5. RHK Kft. működése, radioaktívhulladék-tárolók és a KKÁT üzemeltetési kiadásai (RHK Ltd. operations, radioactive waste repository and KKÁT operating costs)
- Current allocation: 10,995.6 millió Ft (operating expenditure)
- Classification: Nominal Freeze
- Rationale: RHK Kft. is the operational entity responsible for managing all radioactive waste facilities in Hungary. Its core functions — storage operations, safety monitoring, waste processing, security — are non-discretionary obligations. The Keep classification could be defended, but the operating cost base of 10,995.6 millió Ft warrants scrutiny: RHK is a nonprofit state entity with a captive mandate and no competitive pressure on its cost structure. From the perspective of Misesian cost calculation, a state monopoly in nuclear waste management will tend toward cost inflation that private contracting under proper incentive structures could reduce. A nominal freeze holds nominal expenditure constant while creating real pressure to achieve efficiency gains through internal reorganisation, procurement competition, and staffing reviews. The freeze does not compromise safety obligations: capital safety investments are budgeted separately under items 1, 3, and 4. Revenue from operator contributions is more than sufficient to absorb any operating cost growth, so a freeze imposes discipline without fiscal crisis.
- Transition mechanism: Freeze nominal operating budget at 10,995.6 millió Ft. Commission an independent benchmarking study (e.g., against comparable waste management entities in Czech Republic, Slovakia, or France) to identify structural cost reduction opportunities over a 3-year horizon. RHK should be required to publish annual performance metrics (cost per cubic metre of waste processed, etc.).
- Affected groups: RHK Kft. employees (approximately 200-300 staff); contractors and service providers to RHK facilities; residents near Bátaapáti, Püspökszilágy, and Paks.
6. Ellenőrzési és információs célú önkormányzati társulások támogatása (Support for municipal associations for monitoring and information purposes)
- Current allocation: 1,498.6 millió Ft (operating expenditure)
- Classification: Phase-Out (3 years)
- Rationale: Under the Atomic Energy Act (sections 10/A and 62), local government associations formed around nuclear waste facility sites are entitled to public funding to exercise monitoring and information functions vis-a-vis residents. Four such associations exist, covering the Paks NPP site, the Bátaapáti repository, the Püspökszilágy RHFT, and the Western Mecsek DGR investigation area. While community engagement around nuclear facilities has genuine social value, the current mechanism represents a state-directed subsidy to specific local government bodies, effectively compensating for the proximity externality associated with nuclear infrastructure. From an Austrian economics standpoint, there are two problems: first, the subsidy is paid from the KNPA — which is itself funded by operator contributions — meaning nuclear facility operators are taxed to fund advocacy structures directed at them; second, the monitoring functions overlap with those of the independent nuclear regulator (OAH/HAEA), whose activities are separately funded. The 1,498.6 millió Ft could instead be internalised into local compensation agreements negotiated directly between nuclear operators and affected municipalities, with no intermediary associations. A 3-year phase-out allows existing associations to wind down, transition their monitoring functions to OAH or to municipal general revenue, and renegotiate direct operator-municipality compensation arrangements.

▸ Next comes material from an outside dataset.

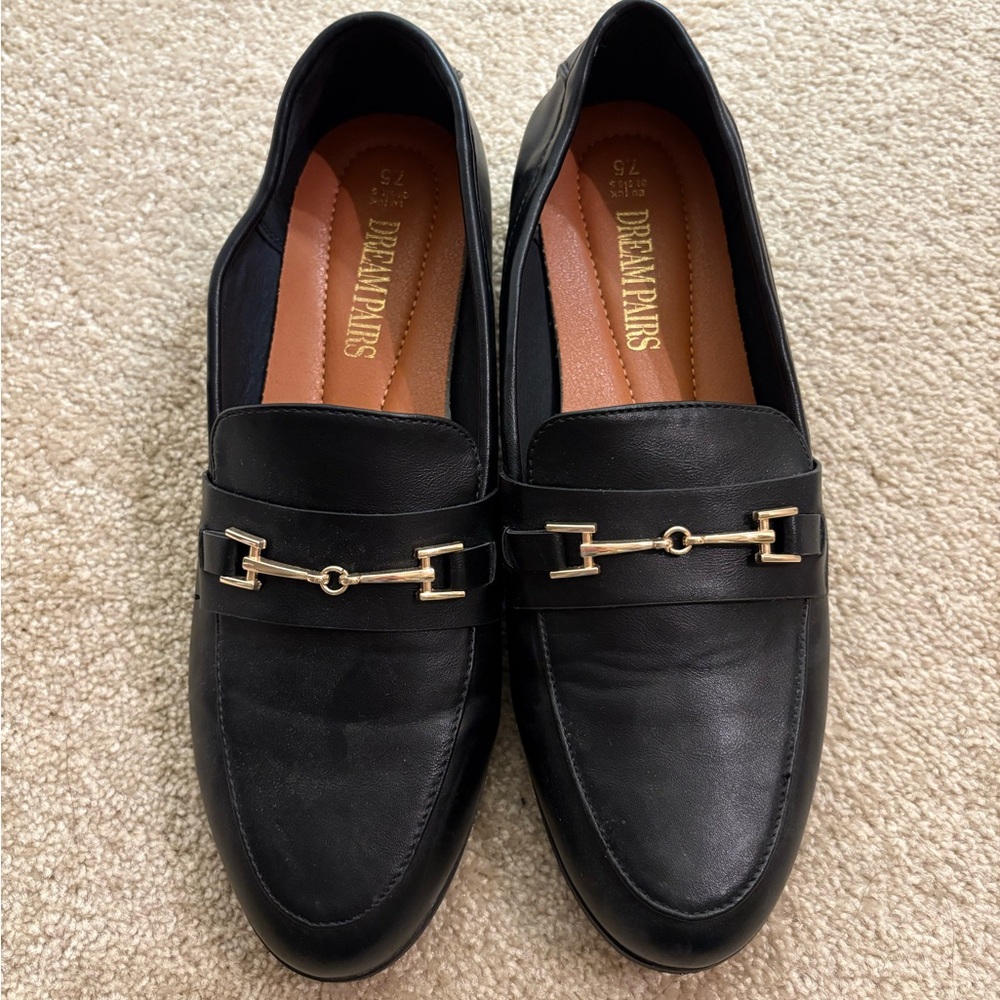 Black Loafers with Gold Accent Size 7.5 Dream Pairs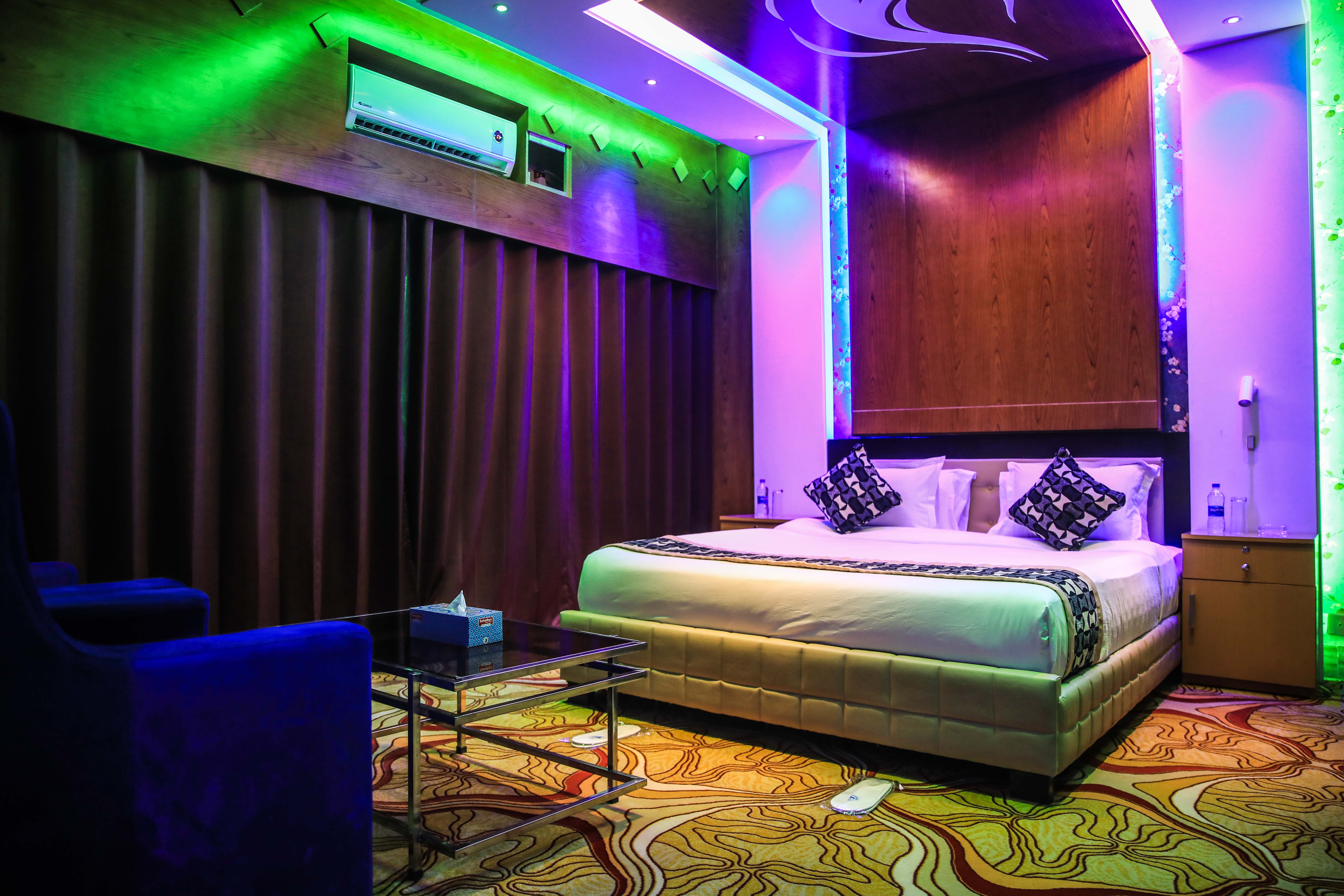 Rooms & Suites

- Transition mechanism: Year 1: reduce to 999.1 millió Ft (one-third cut). Year 2: reduce to 499.5 millió Ft. Year 3: eliminate entirely. Simultaneously, facilitate direct operator-municipality compensation negotiations modelled on French or UK nuclear host community agreements. Monitoring functions to be transferred to OAH where genuinely regulatory.
- Affected groups: Four municipal associations (covering Tolna, Baranya, and Fejér counties); local residents who rely on association information channels.
7. Alapkezelőnek működési célra (To the fund manager for operating purposes)
- Current allocation: 83.5 millió Ft (operating expenditure)
- Classification: Nominal Freeze
- Rationale: This covers the administrative operating costs of the KNPA fund management function within the relevant ministry (currently the energy and climate policy secretariat). At 83.5 millió Ft, this is a modest sum representing the overhead of managing a fund with nearly 90 billion Ft in annual revenue flows. No immediate cut is warranted, as the fund management function is genuinely necessary for accountability and proper stewardship of the KNPA’s accumulated reserves. However, there is no basis for real growth in administrative overhead — a nominal freeze suffices. Real erosion through inflation imposes mild discipline without creating operational risk.
- Transition mechanism: Freeze at 83.5 millió Ft in nominal terms. Annual review of headcount and operational scope tied to KNPA audit cycles.
- Affected groups: Ministry staff responsible for KNPA management; KNPA Szakbizottság (Technical Committee) members.
Revenue Items
R1: Nukleáris létesítmények befizetései (Contributions from nuclear facilities)
- Name: Nukleáris létesítmények befizetései (Contributions from nuclear facilities)
- Current yield: 35,580.0 millió Ft
- Type: Charge (statutory levy on nuclear facility operators)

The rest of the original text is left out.